Is CCA wire that bad? If the myth is true that it's about the same as 4g ofc then what is the pupose of it being made? Isn't 4g ofc cheaper and easier to run? Or is that just a myth? 

I want the wire to be safe with 180amps and not cause a current drop and the cheapest that will do that for me. Is cca out of the question? A 50' roll of metra install bay cca is only $60. A 50' roll of knu is like $85 but it's still cca and then a 50' roll of weld wire is $100+.

Thanks for the replies!


----------



## mattyjman

http://www.diymobileaudio.com/forum...9-copper-clad-vs-real-copper-power-wires.html

try the search button... it works.


----------



## corcraft

.......... well ya can't search ofc or cca and not many people refer to cca as copper clad aluminum....... and if I would have searched titles for copper clad aluminum then that post that you attached wouldn't have came up either because it just says copper clad. Therefor I made the executive decision to ask myself but thanks for the attachment!


----------



## mattyjman

sorry, i wouldn't normally do this.. but not searching and then making an excuse not to that's not even valid... meh... all i suggested is that the search feature works... look below.


----------



## corcraft

I just read the attachment and allot of good info there, Thanks! Basicly you need to get 1 gauge bigger in cca so 1/0g cca = 2g ofc.
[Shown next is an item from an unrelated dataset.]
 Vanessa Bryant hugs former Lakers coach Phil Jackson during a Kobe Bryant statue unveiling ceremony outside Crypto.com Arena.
Now that we got an answer to that what makes ofc better than pure copper welding cable other than the pretty colors?


----------



## corcraft

thanks but ya still cant search cca or ofc and nor would the proper name for each have worked by searching title like I said. You started that thread (which has some good info) so of coarse you knew how to search for it. Thanks!


----------



## cubdenno

Welding cable is usually OFC. otherwise, unless the welding wire is listed as not being copper, then it totally depends on what you are wanting to do. generally car audio power wire is more flexible then welding cable due to the jacket.


----------



## corcraft

Ahhhh, thanks! That is exactly what I wanted to know.


----------



## 240sxguy

cubdenno said:


> Welding cable is usually OFC. otherwise, unless the welding wire is listed as not being copper, then it totally depends on what you are wanting to do. generally car audio power wire is more flexible then welding cable due to the jacket.
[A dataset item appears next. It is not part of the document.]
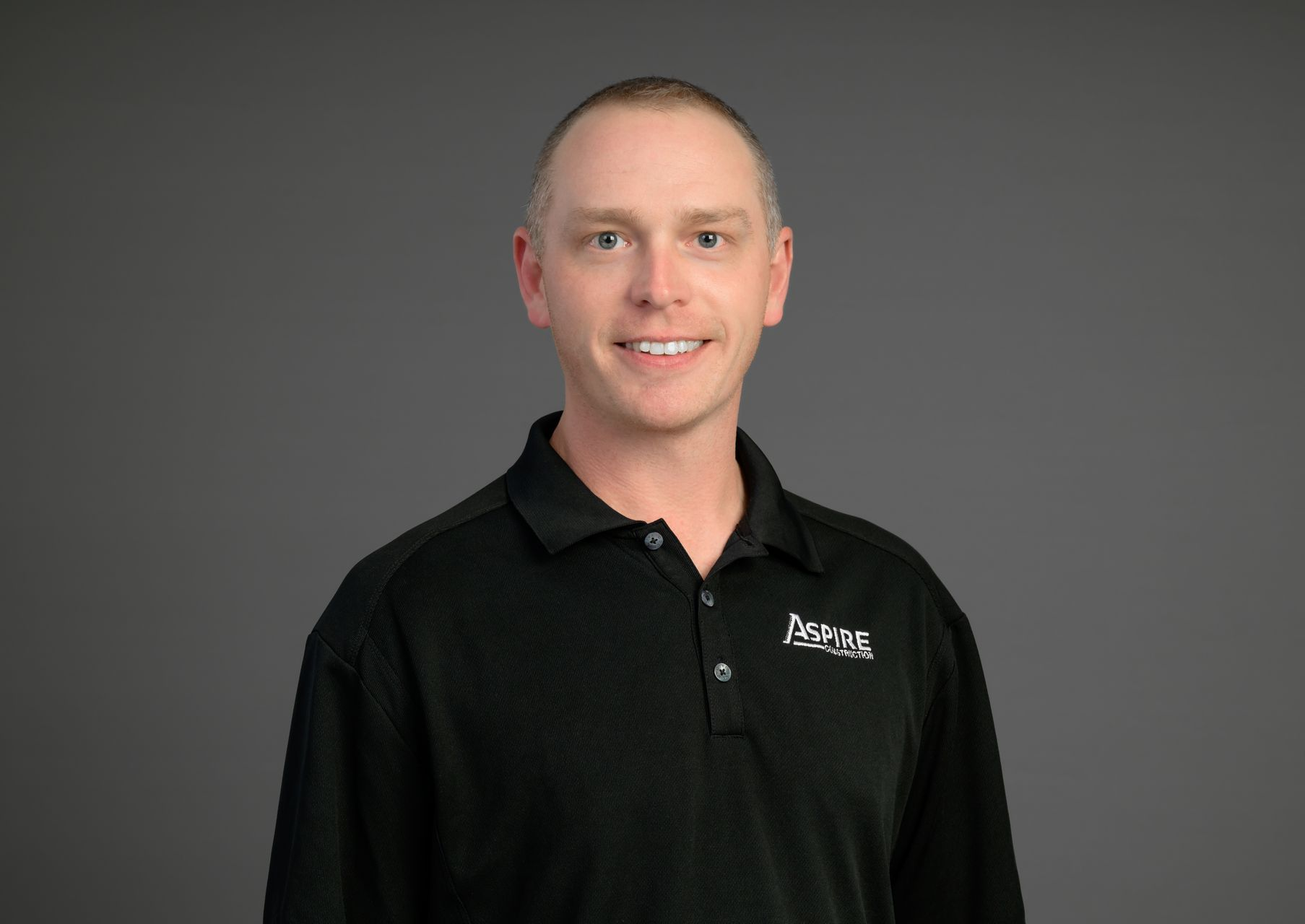 Smiling person in a black collared shirt against a gray studio background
I have found the opposite to be the case, so OP check out what you are buying.


----------



## chad

cubdenno said:


> Welding cable is usually OFC. otherwise, unless the welding wire is listed as not being copper, then it totally depends on what you are wanting to do. generally car audio power wire is more flexible then welding cable due to the jacket.
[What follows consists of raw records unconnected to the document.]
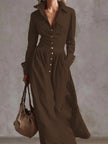 FJØRNA high waisted long sleeves maxi dress with pleated pockets, split-joint lapel, solid color, and button details.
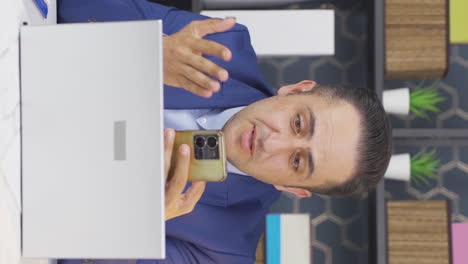 Vertical-video-of-Frustrated-businessman-is-upset.
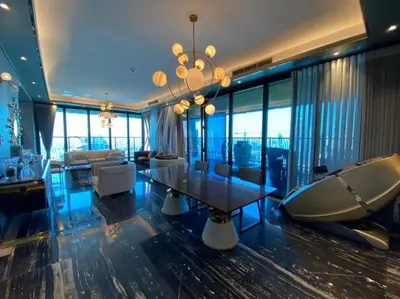 a large living room with a table and a couch at Luxurious 2BR in MBL JLT Brand New in Dubai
You work in the steel industry and are still using welding cable from the 50's?

The **** with the inner Teflon jacket just rocks. II used to buy Harris Welco-Flex but the rural king house stuff is comparable.


----------



## arw01

When I built my shop, I had to go to 000 aluminum wire to be the equivalent of 0 gauge copper. Eventually CCA will also oxidize which can affect your current flow. I would go copper and only grimace once on the price.


----------



## danssoslow

One neg to aluminum, in houses and commercial applications, is its low elastic modulus. Over time, it will loose tension under a lug or set screw. This will not only cause problems that can be hard to trace, but potentially a fire hazard.


----------



## chad

arw01 said:


> When I built my shop, I had to go to 000 aluminum wire to be the equivalent of 0 gauge copper. Eventually CCA will also oxidize which can affect your current flow. I would go copper and only grimace once on the price.


Noalox FTMFW.

But I agree, I'm a fan of copper.


----------



## Oliver

Welding & Battery Cable

Coarse Strand Battery Cable

Coarse Wire Cable usually used in Cars and other applications that do not require the cable to be Flexible.


Fine Strand Welding Cable

Fine Stand Welding Cable is usually used on Electric Vehicles and other Mobil Electric Projects.


----------



## sqshoestring

The fine stranded on the welders I've used, and that is all I have ever seen on a welder (MIG usually), is like hair and far more limp than car wire. I'd guess part of this is because the casing is pretty thin on welding cable, but I can assure you it is durable and fairly fire proof lol. I have alum for the main wire into my house, thankfully nothing else. It is showing a ground fault, so I have to turn off all my power and crank down the lugs. That usually means the ground (neutral on the 220) is floating some. I have some special electrical spray to put on the lugs, I might as well pull the meter and do all of them what a pita. The previous owner told me he had to tighten them before. It is coarse wire and rock hard, you would never want to install that crap in a car, I would never put coarse copper in a car either at least the stuff used for houses. You can make coat hooks from it.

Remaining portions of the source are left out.